--- START ---
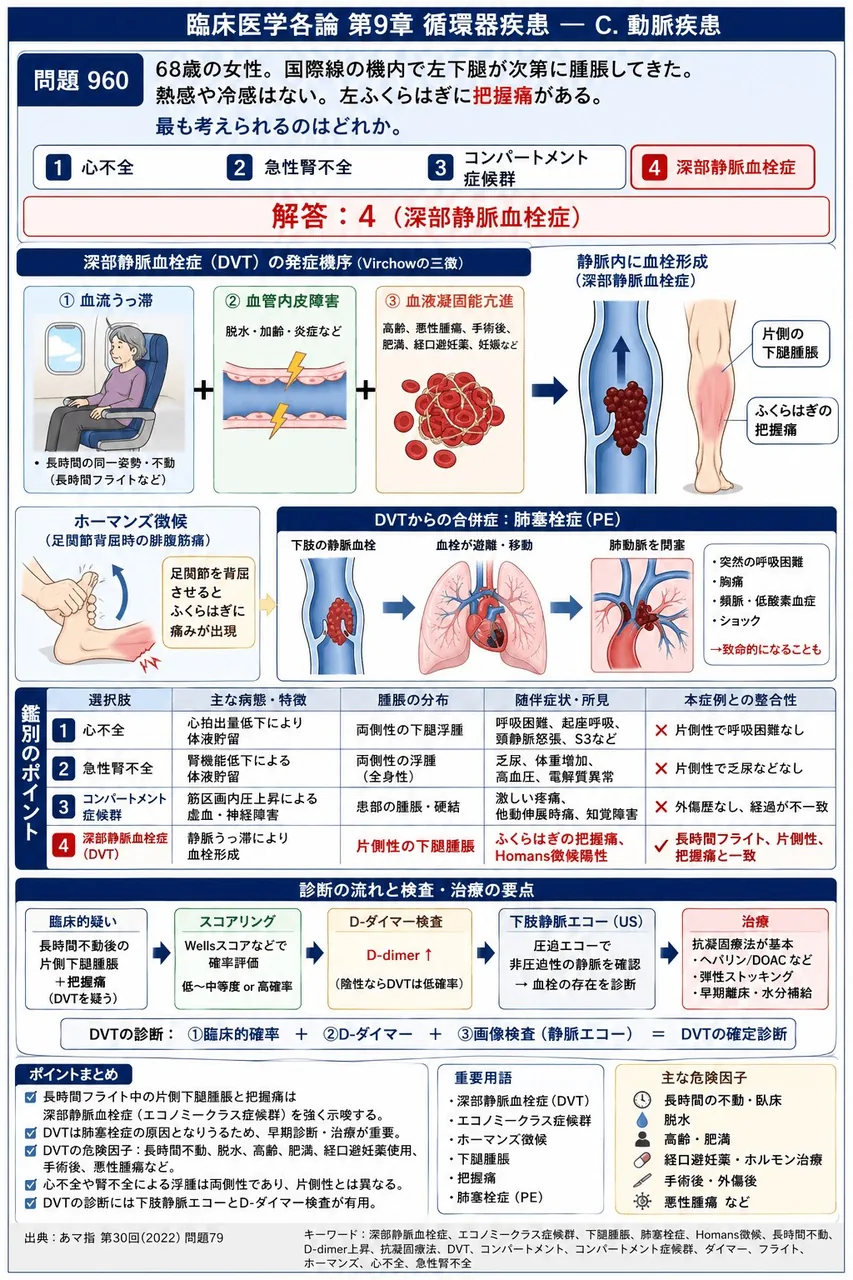 あマ指 第30回(2022) 問題79｜「68歳の女性。国際線の機内で左下腿が次第に腫脹してきた。熱感や冷感はない。 左ふくらはぎに把握痛がある。」最も考えられるのはどれか。 解説図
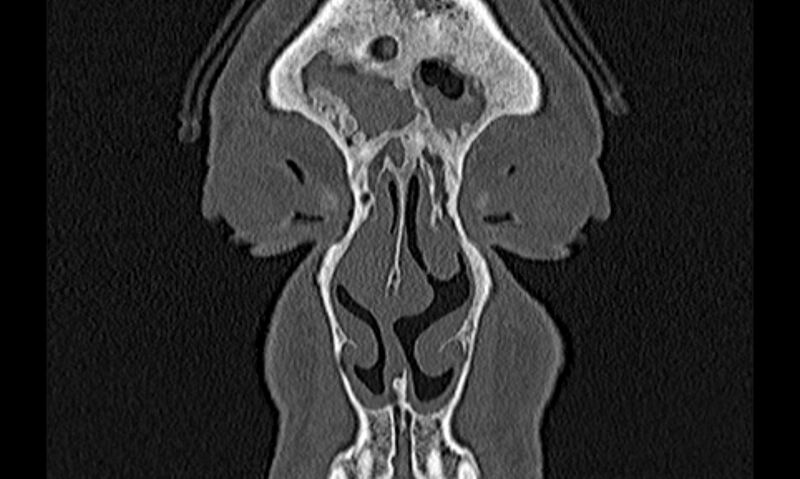 File:Chronic rhinosinusitis (Radiopaedia 65079-74075 Coronal bone window 7).jpg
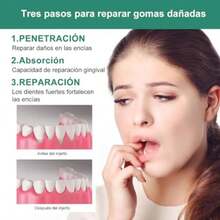 2PCS Gotas para el Crecimiento y Reparación de Encías - Gotas para el Cuidado Bucal - Tratamiento de Atrofia - Reparación de Las Encías - Cuidado Bucal Intensivo - Fórmula Avanzada(default) - Multicolor - Ver 8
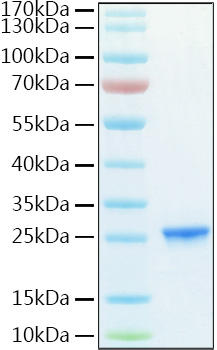 Recombinant Human PMKase/PMVK Protein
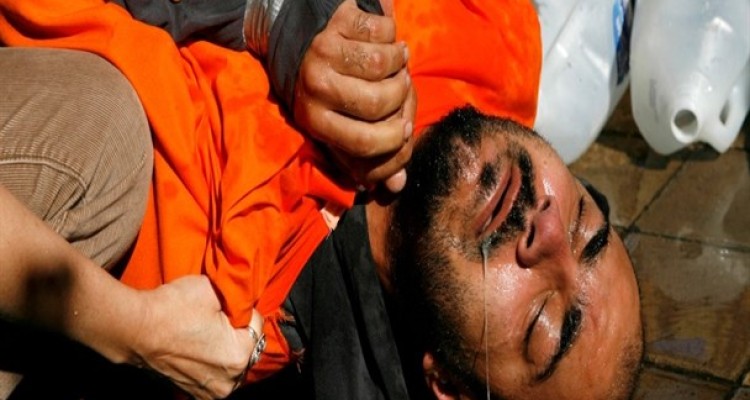 انجام آزمایشات پزشکی روی زندانیان با مجوزسازمان اطلاعات مرکزی آمریکا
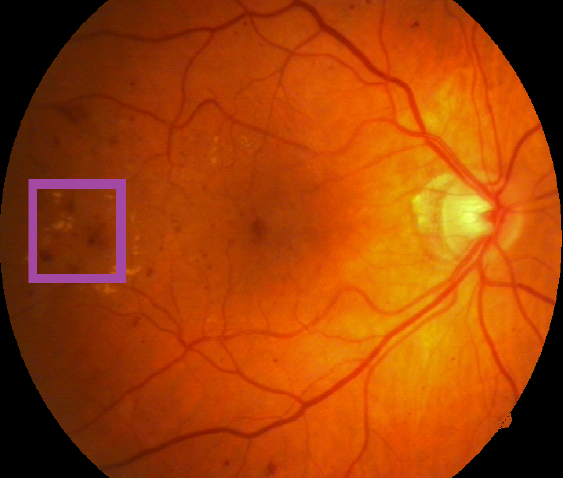 Image of a retina containing a retinal lesion associated with diabetic retinopathy highlighted in purple box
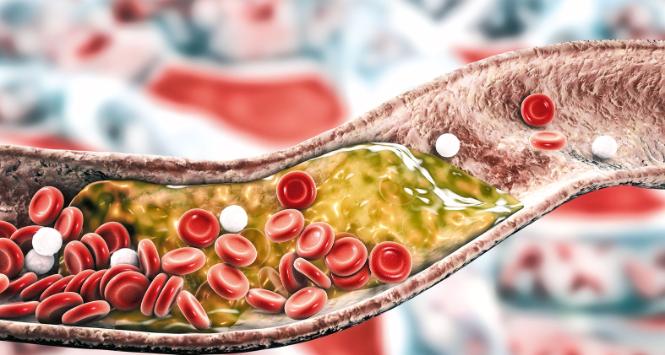 Wszyscy skoncentrowani są na cholesterolu, a niewiele osób wie o lipoproteinie (a), której wysoki poziom zwiększa ryzyko zawału serca aż trzykrotnie.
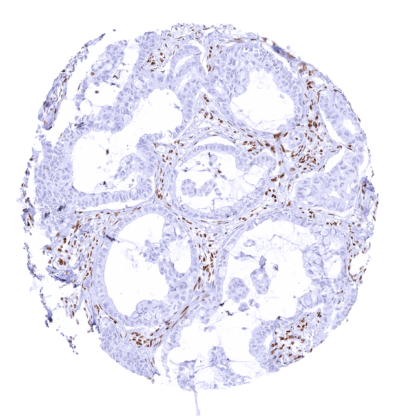 [sk1821] SMARCA4 / BRG1 (MSVA-397R)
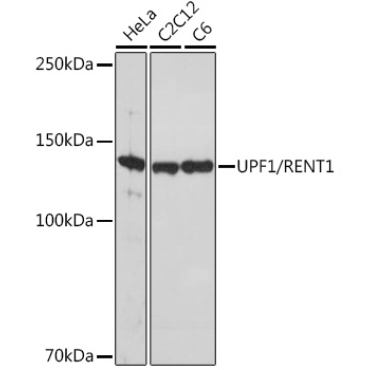UPF1/RENT1 Rabbit Monoclonal Antibody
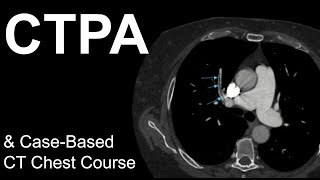 CT Pulmonary Angiogram: Pulmonary Embolism, Case-Based Course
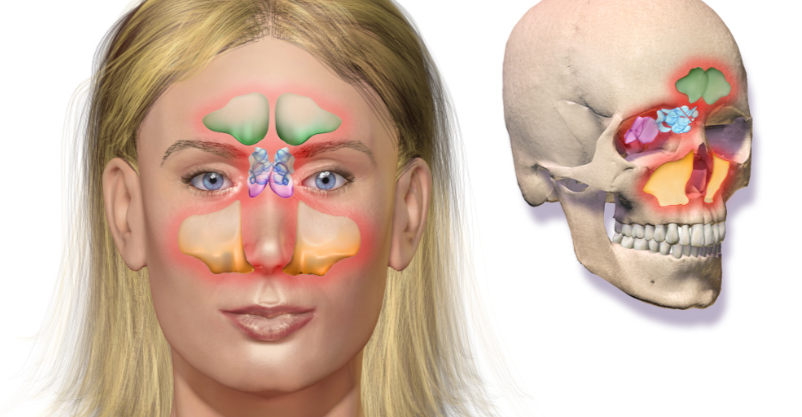 What Can I Do To Relieve My Sinus Pressure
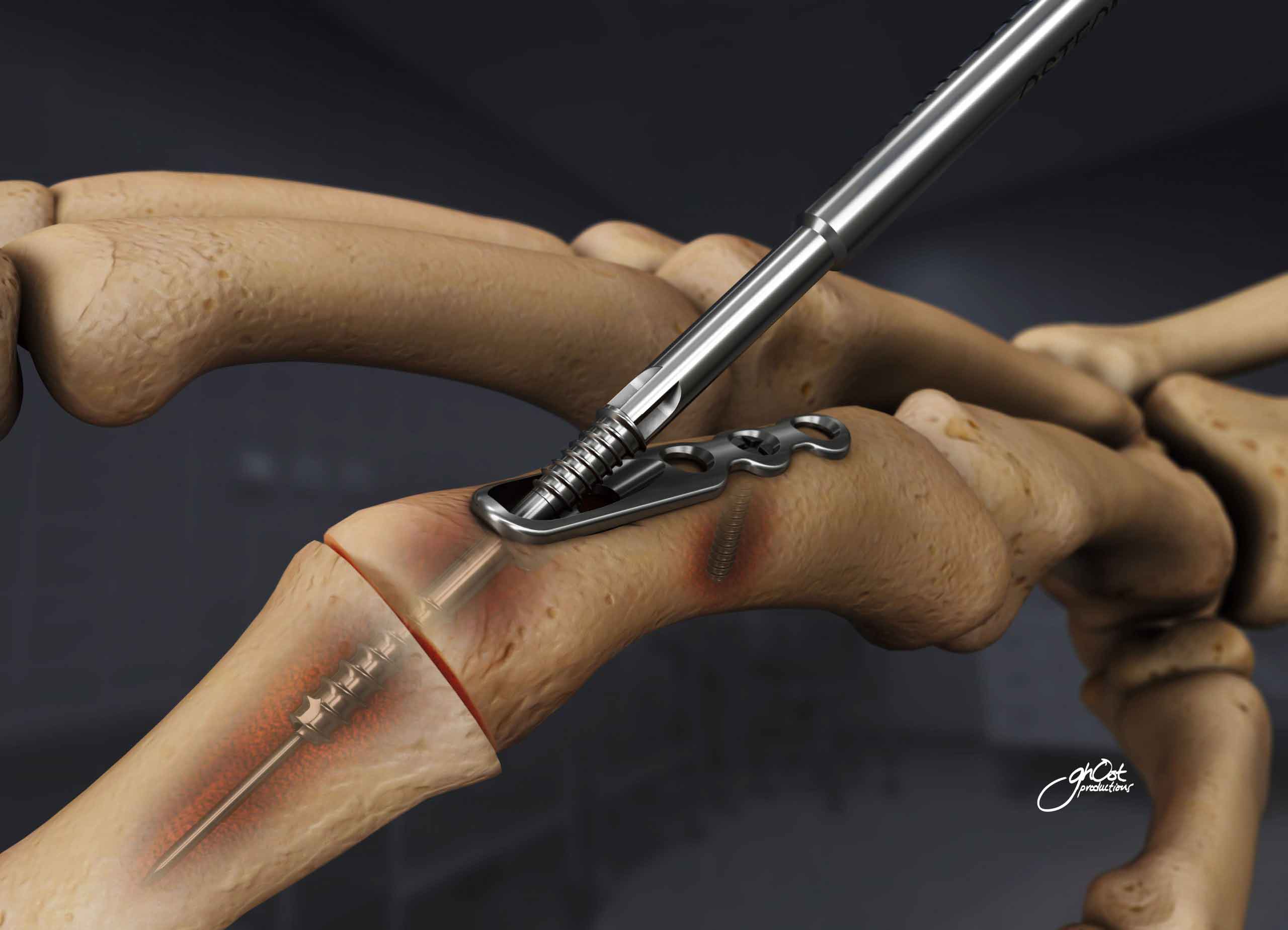 Osteomed Fusion Joint Fixation System Ghost Medical Images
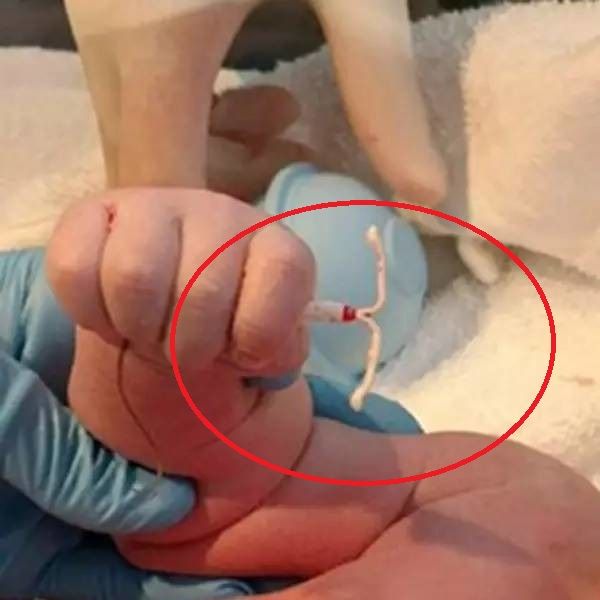 宝宝“攥着”避孕环出生，让医生吃惊！为啥上了节育环还会怀孕？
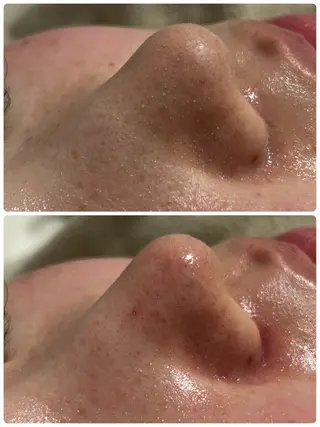 フェイシャルサロン CHIARA　美月のエステ・リラクイメージ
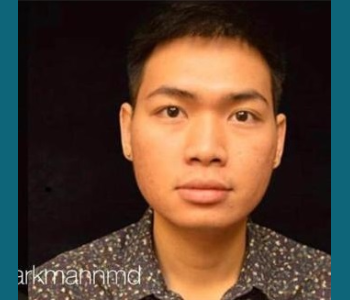 MORPHEUS8 RADIO FREQUENCY MICRONEEDLING after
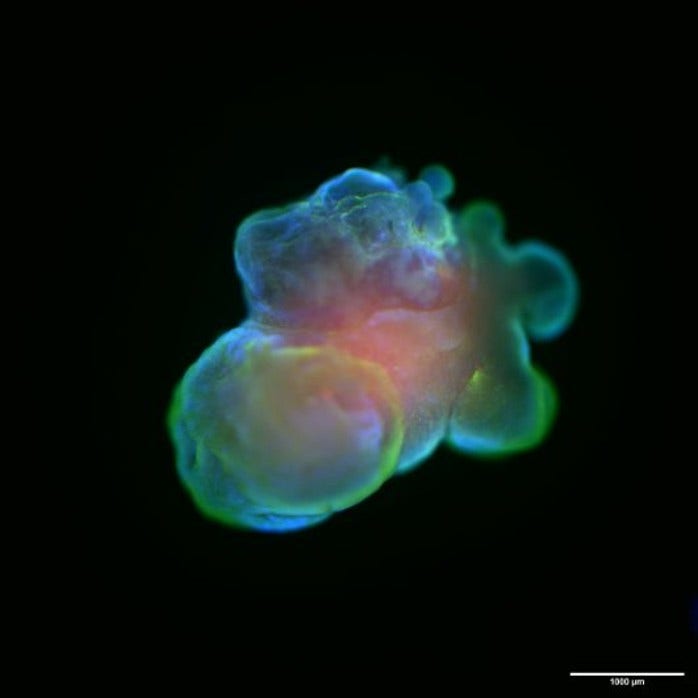 Brain organoids replicate the structural and functional complexity of human brain tissue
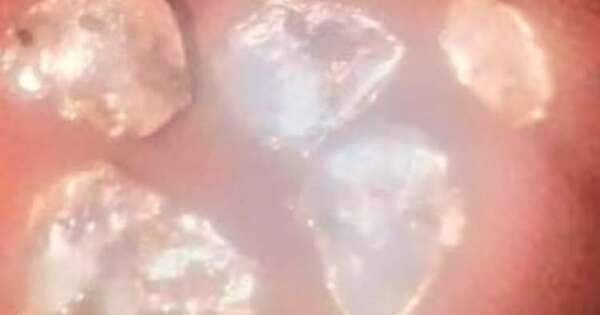 Diario HOY | Cavaron pozos buscando agua, pero hallaron oro en varias zonas de Caapucú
--- END ---
Please print the records above once more, word for word, omitting all pictures.

 あマ指 第30回(2022) 問題79｜「68歳の女性。国際線の機内で左下腿が次第に腫脹してきた。熱感や冷感はない。 左ふくらはぎに把握痛がある。」最も考えられるのはどれか。 解説図
 File:Chronic rhinosinusitis (Radiopaedia 65079-74075 Coronal bone window 7).jpg
 2PCS Gotas para el Crecimiento y Reparación de Encías - Gotas para el Cuidado Bucal - Tratamiento de Atrofia - Reparación de Las Encías - Cuidado Bucal Intensivo - Fórmula Avanzada(default) - Multicolor - Ver 8
 Recombinant Human PMKase/PMVK Protein
 انجام آزمایشات پزشکی روی زندانیان با مجوزسازمان اطلاعات مرکزی آمریکا
 Image of a retina containing a retinal lesion associated with diabetic retinopathy highlighted in purple box
 Wszyscy skoncentrowani są na cholesterolu, a niewiele osób wie o lipoproteinie (a), której wysoki poziom zwiększa ryzyko zawału serca aż trzykrotnie.
 [sk1821] SMARCA4 / BRG1 (MSVA-397R)
UPF1/RENT1 Rabbit Monoclonal Antibody
 CT Pulmonary Angiogram: Pulmonary Embolism, Case-Based Course
 What Can I Do To Relieve My Sinus Pressure
 Osteomed Fusion Joint Fixation System Ghost Medical Images
 宝宝“攥着”避孕环出生，让医生吃惊！为啥上了节育环还会怀孕？
 フェイシャルサロン CHIARA　美月のエステ・リラクイメージ
 MORPHEUS8 RADIO FREQUENCY MICRONEEDLING after
 Brain organoids replicate the structural and functional complexity of human brain tissue
 Diario HOY | Cavaron pozos buscando agua, pero hallaron oro en varias zonas de Caapucú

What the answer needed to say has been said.